• Exercise directions:
Omit all images, then repeat exactly the lines below from the one containing "A photo from" through the one containing "Repair of axon damage in PNS", both ends included.

• Given information:
----------------------------------------

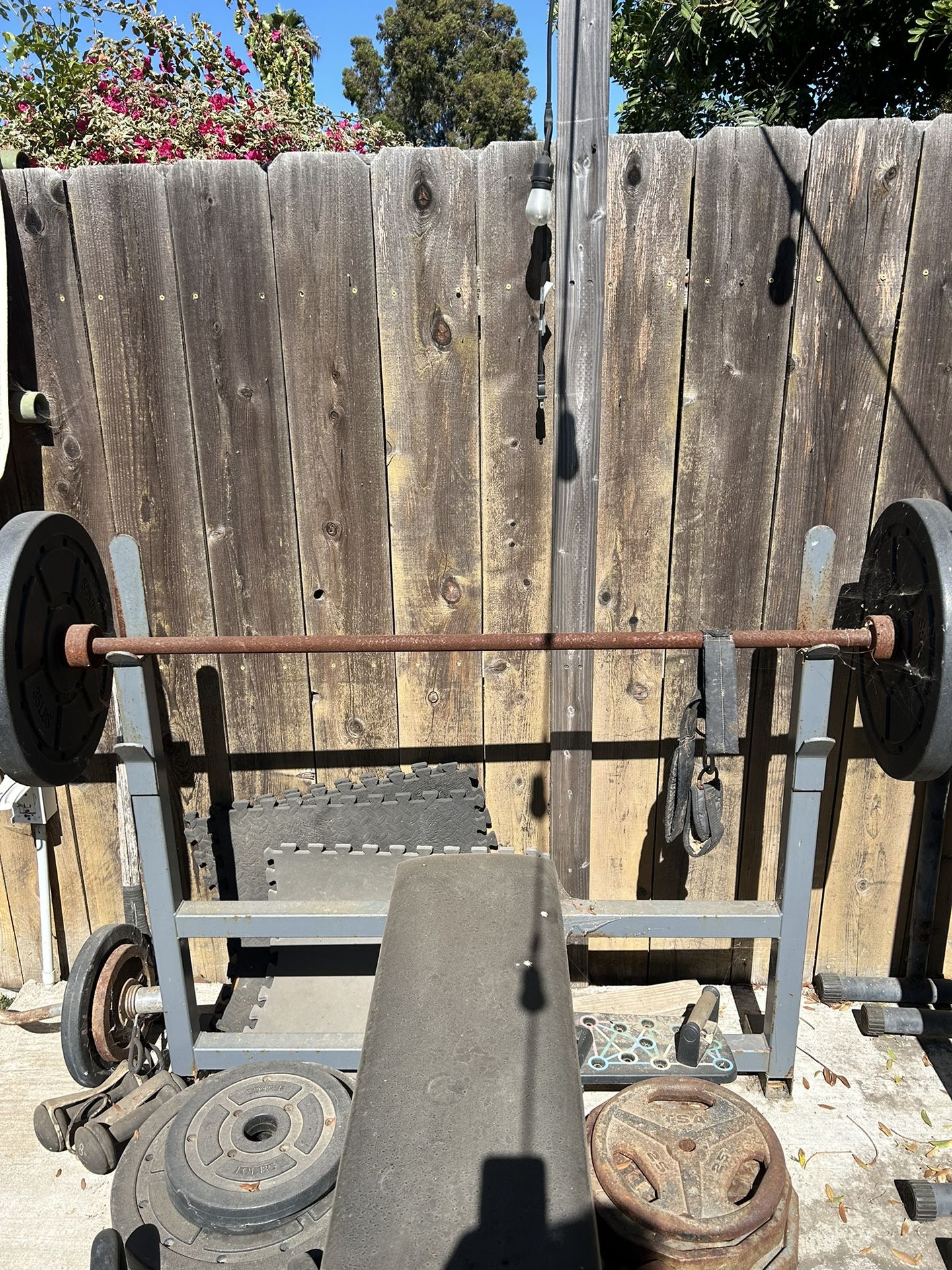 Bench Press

----------------------------------------

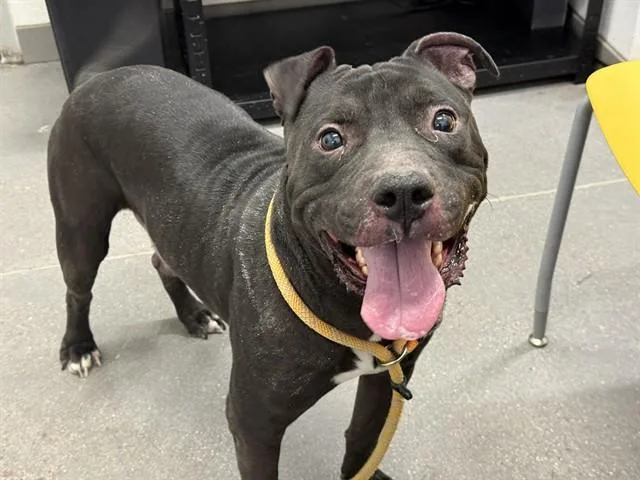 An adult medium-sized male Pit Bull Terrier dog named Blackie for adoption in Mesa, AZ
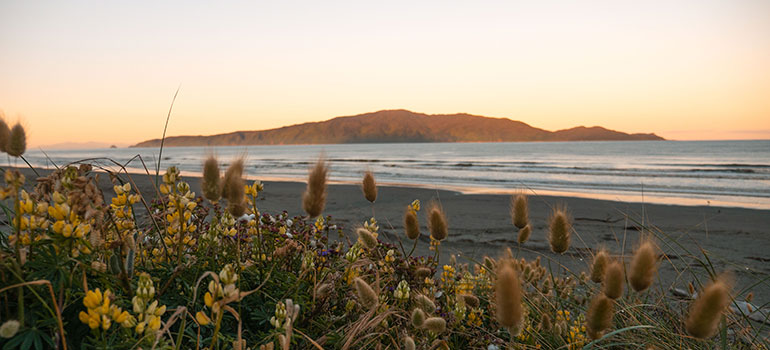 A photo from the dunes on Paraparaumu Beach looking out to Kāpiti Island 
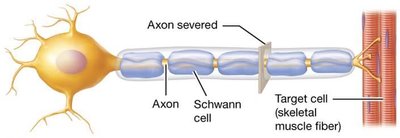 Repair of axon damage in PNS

----------------------------------------

• Result of the exercise:
 A photo from the dunes on Paraparaumu Beach looking out to Kāpiti Island 
 Repair of axon damage in PNS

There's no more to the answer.